Donald Trump vowed to hire "the best people," but have you seen his outside legal team?
Image: U.S. President Donald Trump walks along the Rose Garden as he returns from a day trip to Atlanta on the South Lawn of the White House in Washington, U.S.
U.S. President Donald Trump walks along the Rose Garden as he returns from a day trip to Atlanta on the South Lawn of the White House in Washington, U.S., April 28, 2017.

As a presidential candidate, Donald Trump assured voters he'd surround himself "only with the best and most serious people." The Republican even wrote about it on Facebook, vowing he "will hire the best people."

Now that Trump's in office, there's plenty of evidence to suggest these promises weren't true -- and I'm not just talking about the president's White House team and cabinet.

Consider, for example, the outside legal team Trump has hired to lead his defense in the Russia scandal. As Rachel noted on the show, the New York Times reported overnight:

President Trump's personal lawyer on Wednesday forwarded an email to conservative journalists, government officials and friends that echoed secessionist Civil War propaganda and declared that the group Black Lives Matter "has been totally infiltrated by terrorist groups."The email forwarded by John Dowd, who is leading the president's legal team, painted the Confederate general Robert E. Lee in glowing terms and equated the South's rebellion to that of the American Revolution against England. Its subject line -- "The Information that Validates President Trump on Charlottesville" -- was a reference to comments Mr. Trump made earlier this week in the aftermath of protests in the Virginia college town.

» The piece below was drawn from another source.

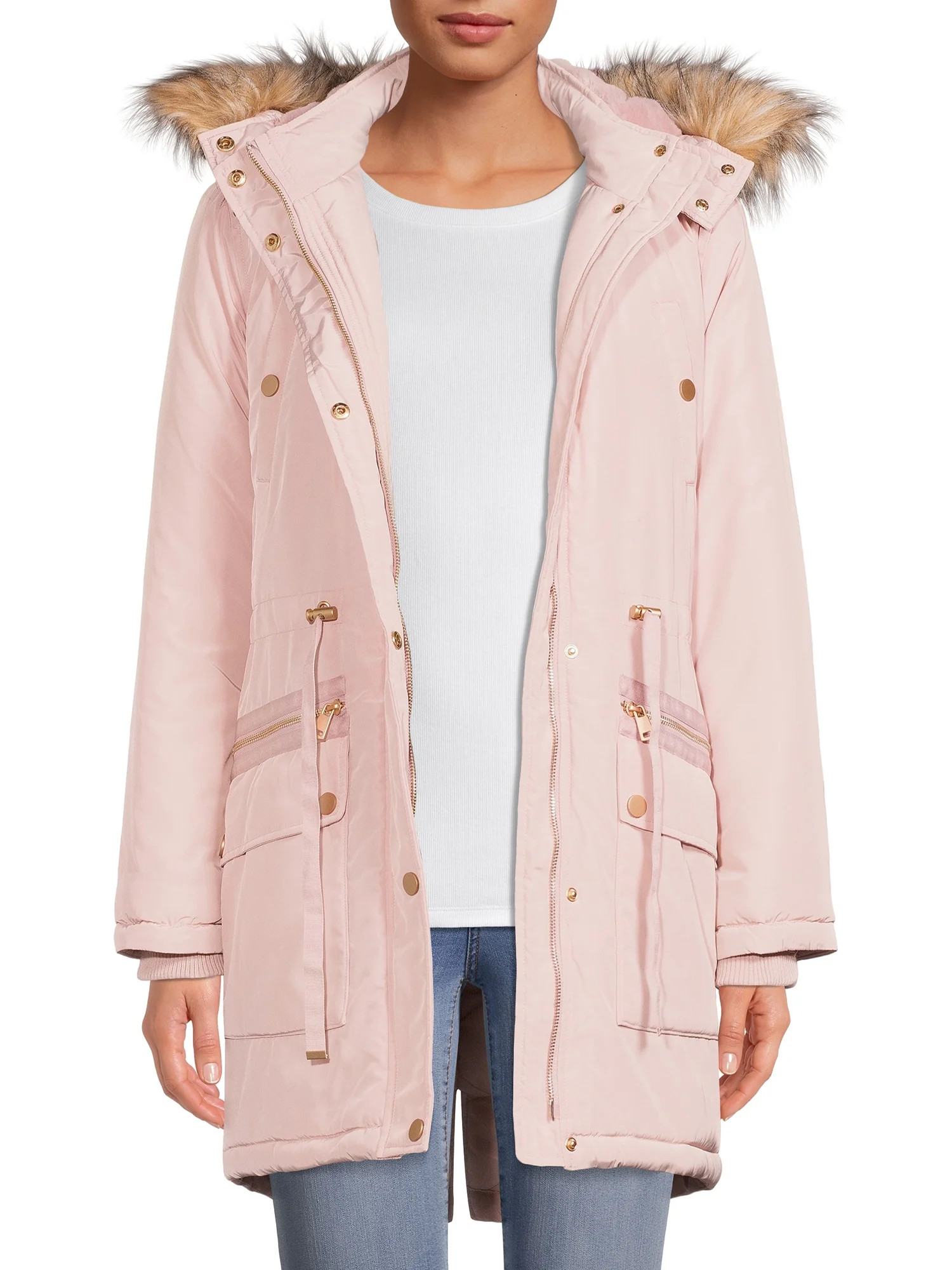 Time and Tru Women's and Plus Anorak Coat with Faux Fur Trim Hood - Walmart.com | Walmart (US)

The ridiculous email told recipients, "You cannot be against General Lee and be for General Washington, there literally is no difference between the two men."

Trump World really is getting stranger. One would assume that the lawyer overseeing the president's legal defense in the most serious political scandal in at least a generation would be pretty busy. The fact that Dowd is making time to promote a racially inflammatory message, helping spread neo-Confederate propaganda, is truly bizarre.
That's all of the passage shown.